Baked Ziti (GF)

baked zitiI like to spend my Sunday afternoons cooking up some “make-ahead” meals for the week, in case we get home late from work or if we’re just feeling lazy and a heat-and-reheat will suffice. I decided to make a baked ziti with whatever cheese I had and some Marinara sauce. I love this dish – not only is it delicious, but it makes great leftovers – perfect for midweek lunches too.

Trader Joe’s has a pretty decent price on gluten-free pasta; I had never tried brown rice pasta before, but I could hardly tell the difference.
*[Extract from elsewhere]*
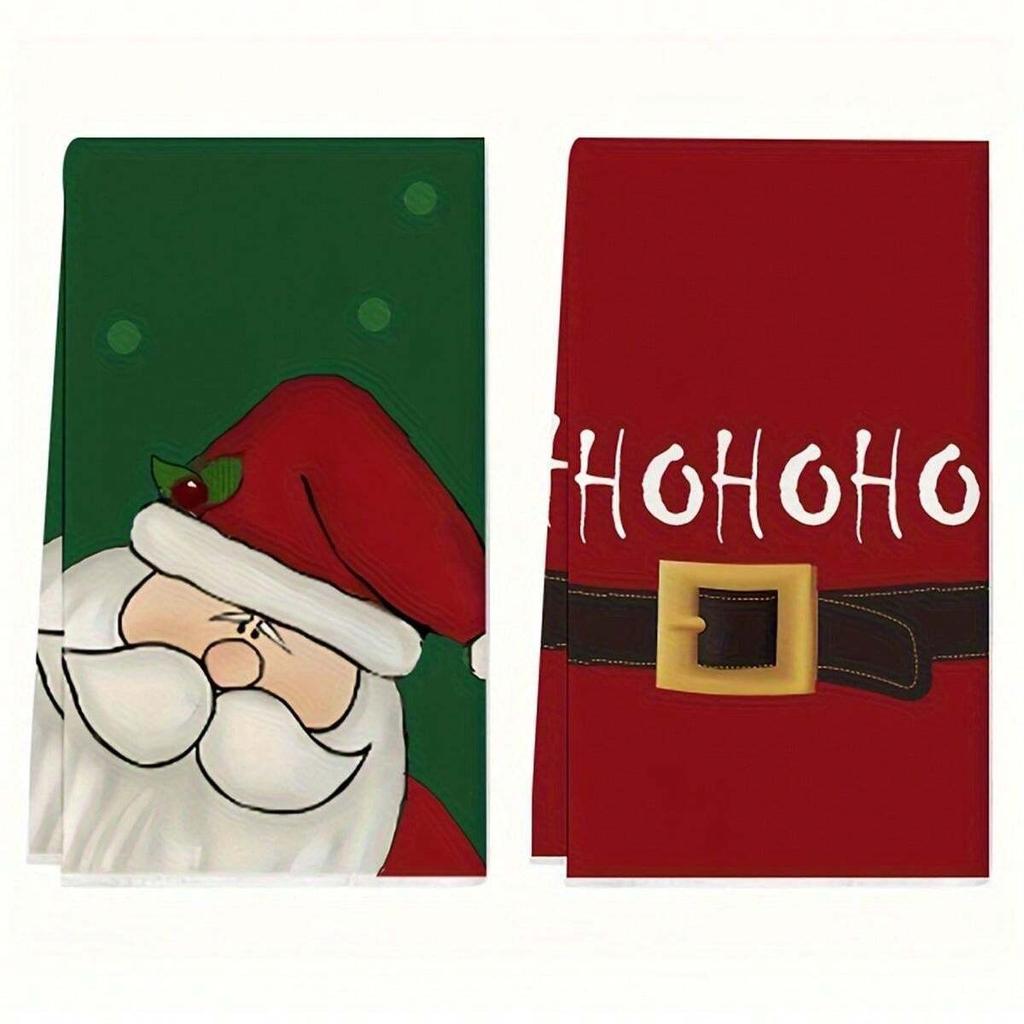 1pc/2pc/4pc/pack Christmas Scrub Sponge Creative Kitchen Dish Cloth Festive Cleaning Decor for Home & Table Kitchen Dish Towel Xmas Cleaning Supplies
Especially since this recipe involves ooey-gooey cheese and a garlicky marinara sauce.

Baked Ziti (GF)

The ingredients:

    • 1 pound gluten-free ziti pasta
    • Kosher salt
    • 3 1/2 cups marinara sauce, recipe follows
    • 1/2 cup freshly grated Parmesan, divided
    • 1/4 cup grated pecorino romano
    • 4 oz. smoked mozzarella, shredded
    • 4 oz. smoked gouda, cubed
    • Freshly ground black pepper
    • Pinch of crushed red pepper or to taste
  • Marinara Sauce:
    • 2 tablespoons extra-virgin olive oil
    • 1/4 medium onion, diced (about 3 tablespoons)
    • 3 cloves garlic, chopped
    • 3 1/2 cups whole, peeled, canned tomatoes in puree, (one 28-ounce can), roughly chopped
    • Sprig of fresh thyme
    • Sprig of fresh basil
    • 2 teaspoons kosher salt
    • Freshly ground black pepper

     

The method:

  1. Preheat the oven to 400 degrees F. Bring a large pot of water to a boil, salt generously, and boil the pasta until al dente, tender but still slightly firm. Drain.
  2. In a large bowl, toss the cooked pasta with the marinara sauce, 1/4 cup of the Parmesan, the pecorino, and the cubed gouda and shredded mozzarella pieces. Season with the black pepper and red pepper to taste, and mix until well combined. Transfer the pasta to an oiled 9- x 13-inch baking dish. Cover the top of the pasta with pecorino and parmesan, and sprinkle with the remaining Parmesan. Bake until lightly browned and hot, about 30 minutes. Serve immediately.
  3. Heat the oil in a medium saucepan over medium-high heat. Saute the onion and garlic, stirring, until lightly browned, about 3 minutes. Add the tomatoes and the herb sprigs and bring to a boil. Lower the heat and simmer, covered, for 10 minutes.
  4. Remove and discard the herb sprigs. Stir in the salt and season with pepper to taste. Use now, or store covered in the refrigerator for up to 3 days, or freeze for up to 2 months.